§ ACTIVITY
Please reproduce the full set of data below exactly.

§ SUPPLIED INFORMATION
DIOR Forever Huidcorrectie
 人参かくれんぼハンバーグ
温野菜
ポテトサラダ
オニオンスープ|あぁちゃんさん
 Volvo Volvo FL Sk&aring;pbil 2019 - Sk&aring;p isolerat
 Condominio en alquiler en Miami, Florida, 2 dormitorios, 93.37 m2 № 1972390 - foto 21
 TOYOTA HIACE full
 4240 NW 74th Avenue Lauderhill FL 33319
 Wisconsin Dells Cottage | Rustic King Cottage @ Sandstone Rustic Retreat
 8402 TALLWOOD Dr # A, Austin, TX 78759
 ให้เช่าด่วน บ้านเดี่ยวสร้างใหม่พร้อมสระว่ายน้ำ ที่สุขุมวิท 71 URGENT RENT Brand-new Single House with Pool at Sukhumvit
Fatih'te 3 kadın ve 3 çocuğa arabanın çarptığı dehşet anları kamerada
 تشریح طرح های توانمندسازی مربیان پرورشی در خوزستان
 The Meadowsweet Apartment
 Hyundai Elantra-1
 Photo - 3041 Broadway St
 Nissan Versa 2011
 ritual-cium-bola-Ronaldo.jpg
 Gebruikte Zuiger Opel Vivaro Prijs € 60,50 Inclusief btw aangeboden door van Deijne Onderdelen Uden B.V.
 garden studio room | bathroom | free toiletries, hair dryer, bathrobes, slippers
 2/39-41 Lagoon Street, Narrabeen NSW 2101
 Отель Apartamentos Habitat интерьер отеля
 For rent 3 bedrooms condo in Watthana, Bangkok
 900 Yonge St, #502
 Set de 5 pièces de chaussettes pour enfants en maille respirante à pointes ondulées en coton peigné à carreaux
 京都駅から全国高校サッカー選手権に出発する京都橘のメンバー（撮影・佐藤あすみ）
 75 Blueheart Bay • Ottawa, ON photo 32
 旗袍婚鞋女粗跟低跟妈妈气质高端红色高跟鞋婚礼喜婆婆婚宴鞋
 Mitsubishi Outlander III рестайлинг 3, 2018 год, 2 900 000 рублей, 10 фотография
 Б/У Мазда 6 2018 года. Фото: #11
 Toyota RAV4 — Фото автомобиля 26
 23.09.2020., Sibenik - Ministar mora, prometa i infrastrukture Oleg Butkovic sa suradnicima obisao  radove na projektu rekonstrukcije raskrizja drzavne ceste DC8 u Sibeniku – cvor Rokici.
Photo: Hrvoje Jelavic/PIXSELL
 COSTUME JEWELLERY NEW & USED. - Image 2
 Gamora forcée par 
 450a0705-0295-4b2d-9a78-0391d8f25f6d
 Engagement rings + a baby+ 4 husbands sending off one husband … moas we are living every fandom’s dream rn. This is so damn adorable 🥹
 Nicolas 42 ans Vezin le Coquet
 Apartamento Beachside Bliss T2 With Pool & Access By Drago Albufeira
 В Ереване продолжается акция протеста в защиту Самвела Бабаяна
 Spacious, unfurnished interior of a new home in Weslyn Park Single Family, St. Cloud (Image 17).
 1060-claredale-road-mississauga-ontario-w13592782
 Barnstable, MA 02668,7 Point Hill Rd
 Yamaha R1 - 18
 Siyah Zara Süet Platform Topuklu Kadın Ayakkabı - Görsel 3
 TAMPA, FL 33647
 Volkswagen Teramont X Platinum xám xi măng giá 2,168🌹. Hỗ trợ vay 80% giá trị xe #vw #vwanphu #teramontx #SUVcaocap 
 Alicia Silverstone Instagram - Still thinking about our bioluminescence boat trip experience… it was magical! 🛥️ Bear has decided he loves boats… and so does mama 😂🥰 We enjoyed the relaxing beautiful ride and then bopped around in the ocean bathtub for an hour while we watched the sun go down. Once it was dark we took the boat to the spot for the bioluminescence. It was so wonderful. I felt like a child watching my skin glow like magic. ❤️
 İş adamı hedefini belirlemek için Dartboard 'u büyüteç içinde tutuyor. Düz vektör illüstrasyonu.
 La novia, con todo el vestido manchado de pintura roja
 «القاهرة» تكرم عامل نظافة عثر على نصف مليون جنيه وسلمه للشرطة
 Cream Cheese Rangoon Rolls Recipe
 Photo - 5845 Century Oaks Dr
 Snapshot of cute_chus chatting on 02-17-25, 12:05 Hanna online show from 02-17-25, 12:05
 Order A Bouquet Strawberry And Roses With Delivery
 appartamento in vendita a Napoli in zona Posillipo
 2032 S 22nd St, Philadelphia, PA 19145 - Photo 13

§ REPLY TO THE TASK
DIOR Forever Huidcorrectie
 人参かくれんぼハンバーグ
温野菜
ポテトサラダ
オニオンスープ|あぁちゃんさん
 Volvo Volvo FL Sk&aring;pbil 2019 - Sk&aring;p isolerat
 Condominio en alquiler en Miami, Florida, 2 dormitorios, 93.37 m2 № 1972390 - foto 21
 TOYOTA HIACE full
 4240 NW 74th Avenue Lauderhill FL 33319
 Wisconsin Dells Cottage | Rustic King Cottage @ Sandstone Rustic Retreat
 8402 TALLWOOD Dr # A, Austin, TX 78759
 ให้เช่าด่วน บ้านเดี่ยวสร้างใหม่พร้อมสระว่ายน้ำ ที่สุขุมวิท 71 URGENT RENT Brand-new Single House with Pool at Sukhumvit
Fatih'te 3 kadın ve 3 çocuğa arabanın çarptığı dehşet anları kamerada
 تشریح طرح های توانمندسازی مربیان پرورشی در خوزستان
 The Meadowsweet Apartment
 Hyundai Elantra-1
 Photo - 3041 Broadway St
 Nissan Versa 2011
 ritual-cium-bola-Ronaldo.jpg
 Gebruikte Zuiger Opel Vivaro Prijs € 60,50 Inclusief btw aangeboden door van Deijne Onderdelen Uden B.V.
 garden studio room | bathroom | free toiletries, hair dryer, bathrobes, slippers
 2/39-41 Lagoon Street, Narrabeen NSW 2101
 Отель Apartamentos Habitat интерьер отеля
 For rent 3 bedrooms condo in Watthana, Bangkok
 900 Yonge St, #502
 Set de 5 pièces de chaussettes pour enfants en maille respirante à pointes ondulées en coton peigné à carreaux
 京都駅から全国高校サッカー選手権に出発する京都橘のメンバー（撮影・佐藤あすみ）
 75 Blueheart Bay • Ottawa, ON photo 32
 旗袍婚鞋女粗跟低跟妈妈气质高端红色高跟鞋婚礼喜婆婆婚宴鞋
 Mitsubishi Outlander III рестайлинг 3, 2018 год, 2 900 000 рублей, 10 фотография
 Б/У Мазда 6 2018 года. Фото: #11
 Toyota RAV4 — Фото автомобиля 26
 23.09.2020., Sibenik - Ministar mora, prometa i infrastrukture Oleg Butkovic sa suradnicima obisao  radove na projektu rekonstrukcije raskrizja drzavne ceste DC8 u Sibeniku – cvor Rokici.
Photo: Hrvoje Jelavic/PIXSELL
 COSTUME JEWELLERY NEW & USED. - Image 2
 Gamora forcée par 
 450a0705-0295-4b2d-9a78-0391d8f25f6d
 Engagement rings + a baby+ 4 husbands sending off one husband … moas we are living every fandom’s dream rn. This is so damn adorable 🥹
 Nicolas 42 ans Vezin le Coquet
 Apartamento Beachside Bliss T2 With Pool & Access By Drago Albufeira
 В Ереване продолжается акция протеста в защиту Самвела Бабаяна
 Spacious, unfurnished interior of a new home in Weslyn Park Single Family, St. Cloud (Image 17).
 1060-claredale-road-mississauga-ontario-w13592782
 Barnstable, MA 02668,7 Point Hill Rd
 Yamaha R1 - 18
 Siyah Zara Süet Platform Topuklu Kadın Ayakkabı - Görsel 3
 TAMPA, FL 33647
 Volkswagen Teramont X Platinum xám xi măng giá 2,168🌹. Hỗ trợ vay 80% giá trị xe #vw #vwanphu #teramontx #SUVcaocap 
 Alicia Silverstone Instagram - Still thinking about our bioluminescence boat trip experience… it was magical! 🛥️ Bear has decided he loves boats… and so does mama 😂🥰 We enjoyed the relaxing beautiful ride and then bopped around in the ocean bathtub for an hour while we watched the sun go down. Once it was dark we took the boat to the spot for the bioluminescence. It was so wonderful. I felt like a child watching my skin glow like magic. ❤️
 İş adamı hedefini belirlemek için Dartboard 'u büyüteç içinde tutuyor. Düz vektör illüstrasyonu.
 La novia, con todo el vestido manchado de pintura roja
 «القاهرة» تكرم عامل نظافة عثر على نصف مليون جنيه وسلمه للشرطة
 Cream Cheese Rangoon Rolls Recipe
 Photo - 5845 Century Oaks Dr
 Snapshot of cute_chus chatting on 02-17-25, 12:05 Hanna online show from 02-17-25, 12:05
 Order A Bouquet Strawberry And Roses With Delivery
 appartamento in vendita a Napoli in zona Posillipo
 2032 S 22nd St, Philadelphia, PA 19145 - Photo 13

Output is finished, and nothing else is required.